The best dataset for this audience is probably the most recent curated set of variant calls on 1000genomes.org. (Incidentally, the data access links appear down at the moment...)
This provides data in VCF format , which I would argue is the lowest level you want to go with this data unless you are doing variant calling methods development.
One tool you can use to analyze these data is PLINK/SEQ  (disclaimer: I work on the project). If any C++ devs are interested in contributing, let me know. (We'll have the source on Github soon...still pushing my group to learn Git :)

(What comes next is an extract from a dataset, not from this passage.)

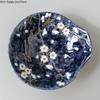 Blue Ceramic Plate Cherry Blossoms Seasoning Dish Dipping Bowl Snack Dish Snack Tray Dessert Plate Taste Dishes Decorative Bowls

Since you are involved with PLINK/SEQ, you might be able to answer this.. Can you recommend any reading for learning how to perform admixture analysis/visualization? I'm interested in seeing the workflow behind starting with raw genomes and producing visualizations similar to Dodecad.
I was just having a conversation with my supervisor yesterday about how amazing the PLINK project is, and how much easier it makes my work. I use it every day and I can't count the number of times it's saved me from writing embarrassingly messy R scripts to accomplish something.
I think it's important to give clear examples here - research questions that biologists have posed but are struggling to answer with existing software tools. They certainly exist, but I think some overestimate the bottleneck. For example, I would argue that the bioinformatics challenges at Ion Torrent are less important than, say, chemistry that creates longer reads :)
I'm still not 100% sold on these big sequencing projects. Sure, you get the genomes of a bunch of individuals, and then you do a bunch of GWAS on it to see if you can find some mutations that are linked to any phenotypes. It just doesn't seem very exciting. I love the idea that if you're working on any cell line/individual, you can just get it sequenced for decreasing amounts of money, but I'd love to be sold on some big picture stuff as to why 1000 genomes matters (and if GWAS actually has lived up to its promise).
That said, I've got a paper coming out real soon now that looked at the relationship between mutations across individual strains of Arabidopsis, and how (surprise surprise) you have fewer mutations in areas of proteins that potentially carry function, so I do think it's somewhat useful!
The real reason for a lot of this is personalized medicine, or rather more specific medicine. A gene translocation or even a SNP may be able to differentiate cancer types and change the course of treatment.
Unfortunately, as far as I know there is very little useful phenotypic data along with these genomes to work with. I would rather have fewer genome sequences with better phenotypic information. Even with just 35 genome sequences of "individual" yeast genomes I could do a lot more interesting analysis because they are well studied in turns of phenotypes.
The point is to look at genomic variations across the entirety of the human genome, not so much to match genomic variation to phenotype. What you're saying makes sense, but I think that is more a next step.
And that bucket that you put your intermediate data in will be by itself pretty large. Or any processing that you do on this data will be computationally expensive. Either way, Amazon is attracting some new customers.
Has anyone tried writing a life emulator that could read this gene code and then virtually generate a baby? This would be really cool for injecting one's self into an MMRPG, at least one where you could be a baby.
Here's the project explanation, but the data itself is 1000 complete (hopefully!) genome sequences. The hope is to find the variants, be it single nucleotide differences, copy number difference, etc. Where I work we use it to help figure out SNP (single nucleotide polymorphisms) to see if something we sequenced is a mutation or just a variant with no effect.